# EXERCISE REQUIREMENTS
Reproduce each line below precisely. Drop the pictures.

# PROVIDED DATA
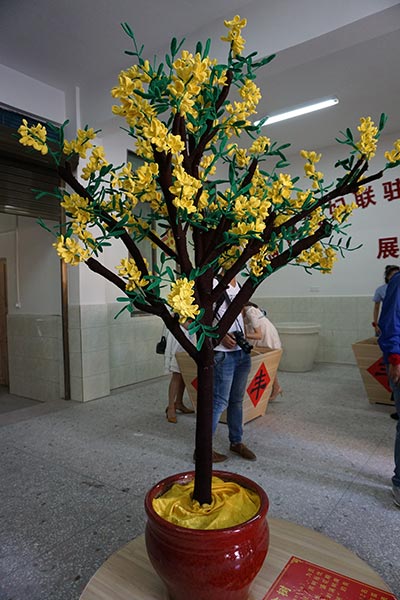 Left-behind women masters of their own careers in Hunan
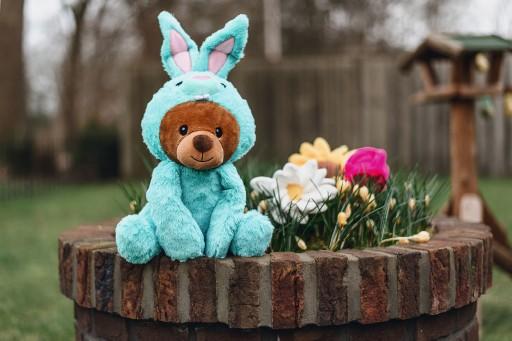 Image du produit Beeztees Jouet en peluche Tulipe (Jouet en peluche chien)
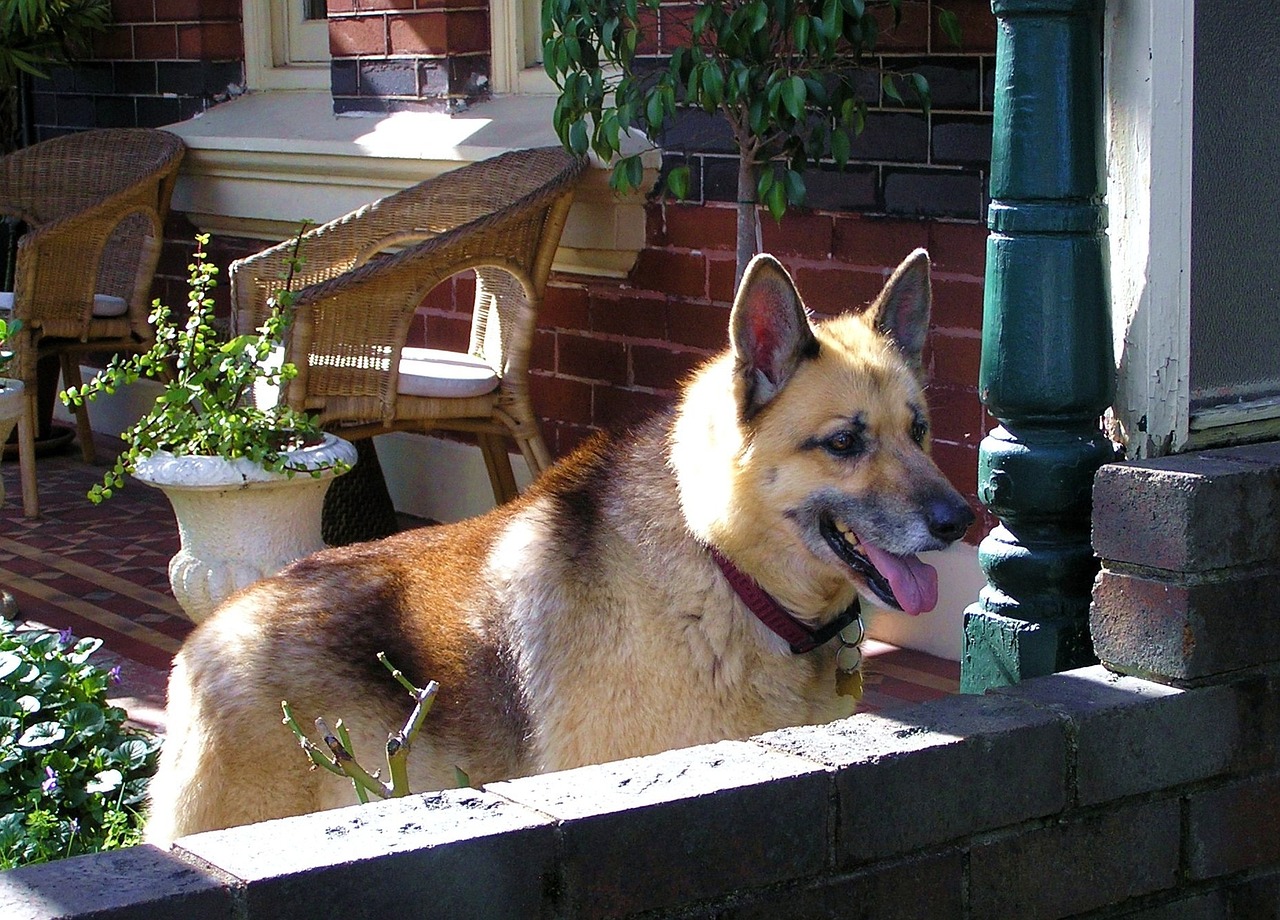 全球疫情觀察，疑似病例最新動態報道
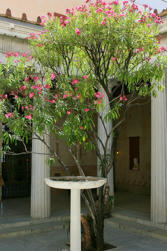191 Beausoleil  - Villa Kerylos.jpg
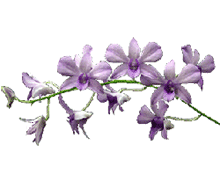 Dendrobium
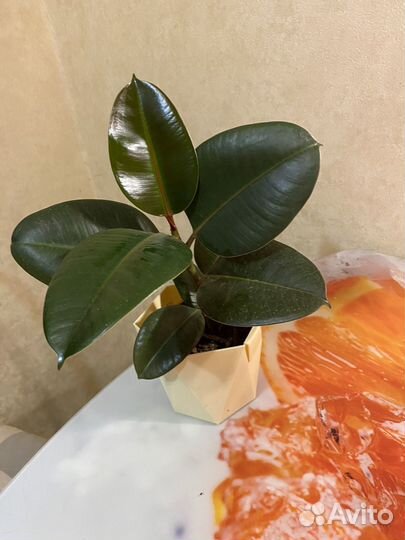 Кротон, Фикус, Педилантус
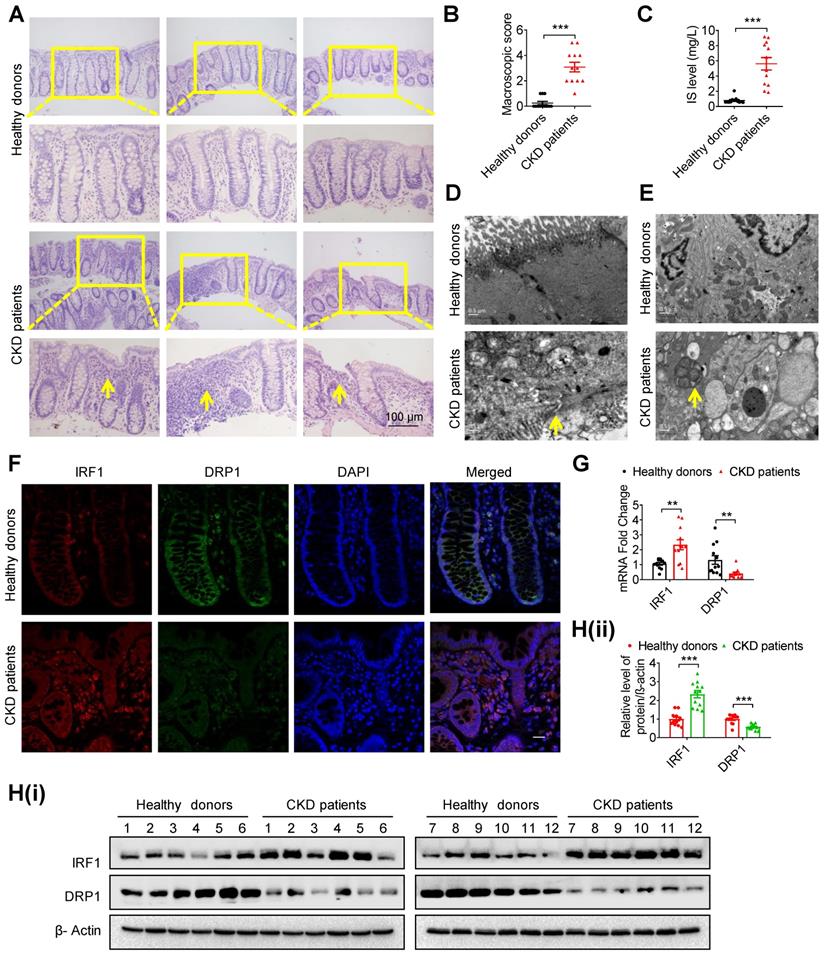 Theranostics Image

# REPLY
 Left-behind women masters of their own careers in Hunan
 Image du produit Beeztees Jouet en peluche Tulipe (Jouet en peluche chien)
 全球疫情觀察，疑似病例最新動態報道
191 Beausoleil  - Villa Kerylos.jpg
 Dendrobium
 Кротон, Фикус, Педилантус
 Theranostics Image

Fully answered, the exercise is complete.